I am sure many of us have noticed that the site had problems over the last four or five days.
The downtimes were caused because of unrecoverable hardware issues with our server. The result was that he had to rebuild the setup from scratch on a machine and restore from a backup. We have also switched to a new provider since the previous one was consistently causing issues.
After this was done, image uploads were still broken for some time. There was no good fix for this because one of the database files used by pictrs had become corrupted due to the aforementioned hardware issues. To resolve this, we had to use an non-corrupted database file from a very old backup. Now image uploads should work fine. The downside is that images uploaded recently will not show up properly. There is not fix for this other than to reupload these images. Sorry about this.
Most of the technical problems with the site should be fixed now.
There is one maintenance task remaining related to moving the image storage to a new S3 provider which will require some downtime. We will inform about this beforehand.
Thanks for your patience.
Yep, it’s been pretty unstable for the past few days and I appreciate you taking the time to fix it.
Do/should we have a status page so that users know that something is wrong and the maintainers are aware of it?
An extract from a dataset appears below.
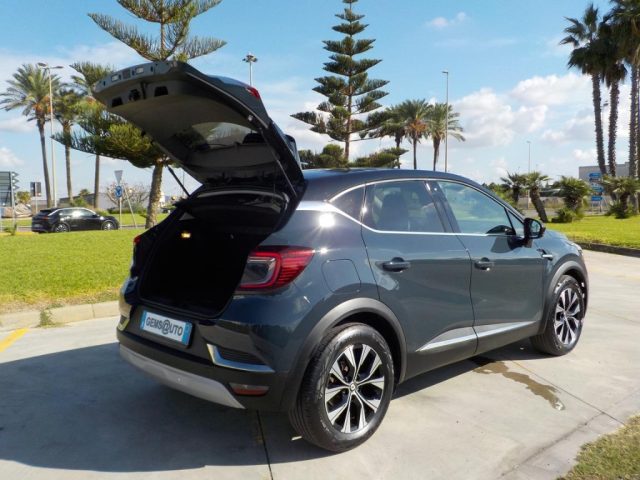 RENAULT Captur usata, con Boardcomputer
No status page but we can be more diligent about at least acknowledging these issues in a pinned announcement much like this one. I think that would be the best way.
Uptime Kuma is a FOSS status page software if you’re ever considering one. Allows for status pages and updates as well as automated alerting to basically any message platform.
Is this something that is supposed to be public facing? Or something that some website’s administration use internally? I understand what it does but I don’t know about how it is put into practice in real life.
It can be both. The status pages are meant to be public. Once you make a status page with a tracker on it you can make that the default page that visitors see when they go to the services address (status.lemmygrad.ml for example). You’ll likey want this running on a deferent location so that if the VPS Lemmy is running on fails, the status page stays up and can report the outage.
You can then configure notifications via a huge selection of services. You can have it send a public message from Mastodon, or into a matrix channel, or a private message via email or a private matrix channel. It can sms text you if you have the right services to hook into.
You can track a web service via a Ping, HTTP response code, and a few other methods. Set the frequency it checks at, and if it should wait and retry before reporting an outage.
I use it at work internally to get alerts about switches and servers. It’s simple to host, manage, and back up.
I have one I use to test stuff with and I have a status page for some Lemmy instances here: https://status.redwizard.party/
Thanks a lot
Any time comrade.
Would it be worth making a post on lemmy.ml if lemmygrad becomes inaccessible? I had thought there was a ddos attack, as one of the big servers was hit yesterday, maybe lemmy.world.
We will make a mastodon account for the website for when communication through here is not possible.
A status page is a good idea I would say